From cppreference.com
< cpp‎ | language

Every object has a lifetime, which is a runtime property: for any object, there is a moment during the execution of a program when its lifetime begins, and there is a moment when it ends.

  • For objects of class or aggregate types that are not trivially-constructible, lifetime begins when initialization ends.
  • For objects of class types that are not trivially-destructible, lifetime ends when the execution of the destructor begins.
  • For all other objects (trivial class objects, non-class objects, array objects, etc), lifetime begins when the properly-aligned storage for the object is allocated and ends when the storage is deallocated or reused by another object.

Lifetime of an object is equal to or is nested within the lifetime of its storage, see storage duration.
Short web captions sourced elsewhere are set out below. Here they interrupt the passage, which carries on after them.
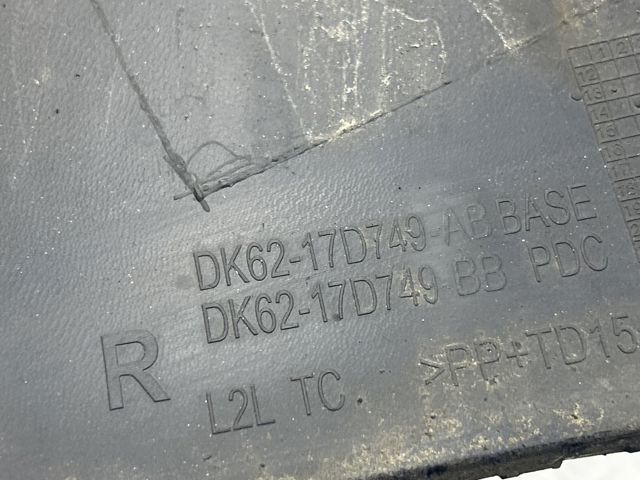 Накладка бампера переднього, права LR045052 LAND ROVER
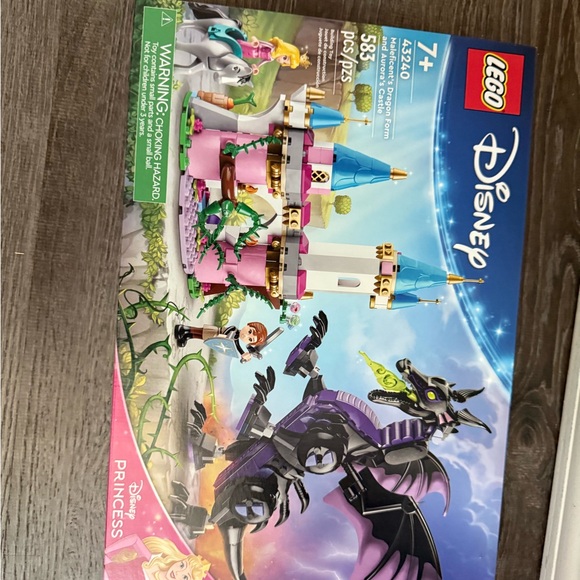 Brand new LEGO Disney Princess Maleficent’s Dragon sleeping beauty - Picture 3 of 10
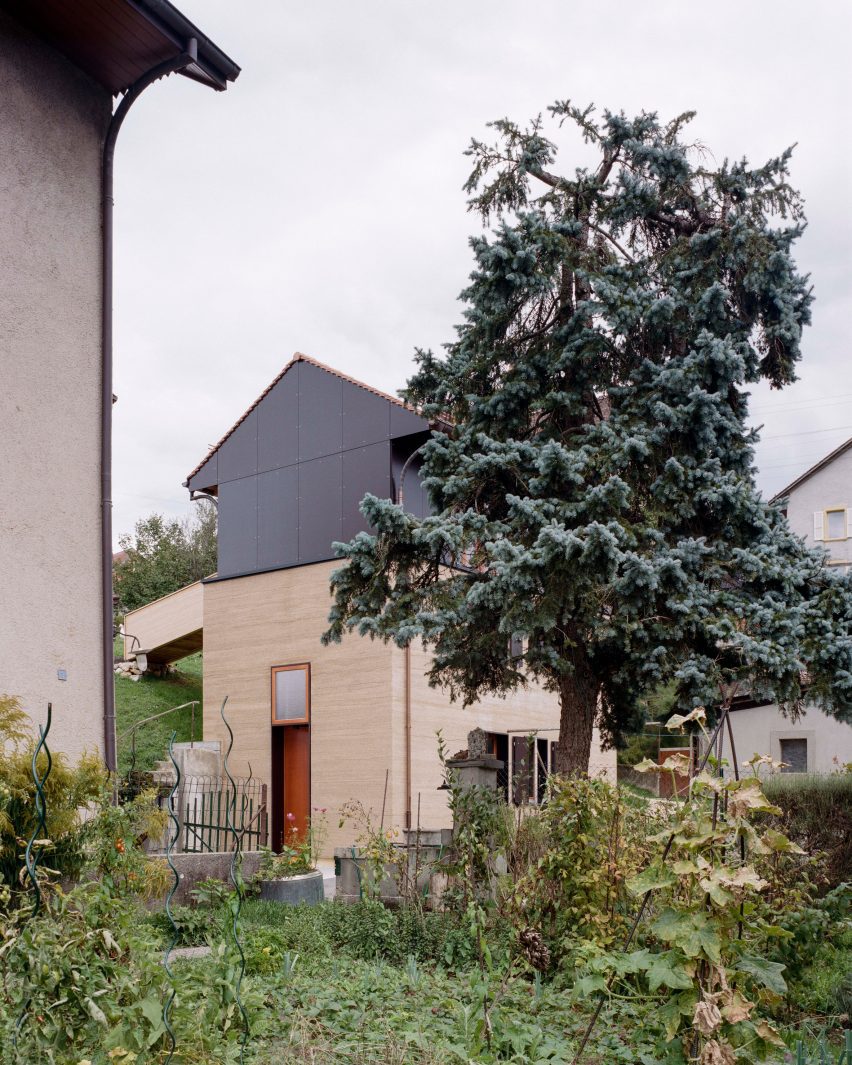 The exterior of The Recipe house in Switzerland by Madeleine Architectes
Lifetime of a reference is exactly its storage duration (which makes dangling references possible)

Lifetimes of member objects and base subobjects begin and end following class initialization order.
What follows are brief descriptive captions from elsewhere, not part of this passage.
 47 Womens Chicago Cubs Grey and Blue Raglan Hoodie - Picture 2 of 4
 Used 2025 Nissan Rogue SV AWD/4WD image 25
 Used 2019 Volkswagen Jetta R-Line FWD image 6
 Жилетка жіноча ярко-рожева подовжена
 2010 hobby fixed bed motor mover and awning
[edit] Temporary object lifetime

Temporary objects are created in various situations: binding a reference to a prvalue, returning a prvalue from a function, cast to a prvalue, throwing an exception, entering an exception handler, and in some initializations. In every case, all temporaries are destroyed as the last step in evaluating the full-expression that (lexically) contains the point where they were created, and if multiple temporaries were created, they are destroyed in the order opposite to the order of creation. This is true even if that evaluation ends in throwing an exception.

There are two exceptions from that:

1. The lifetime of a temporary object may be extended by binding to a const lvalue reference or to an rvalue reference(since C++11), see reference initialization for details.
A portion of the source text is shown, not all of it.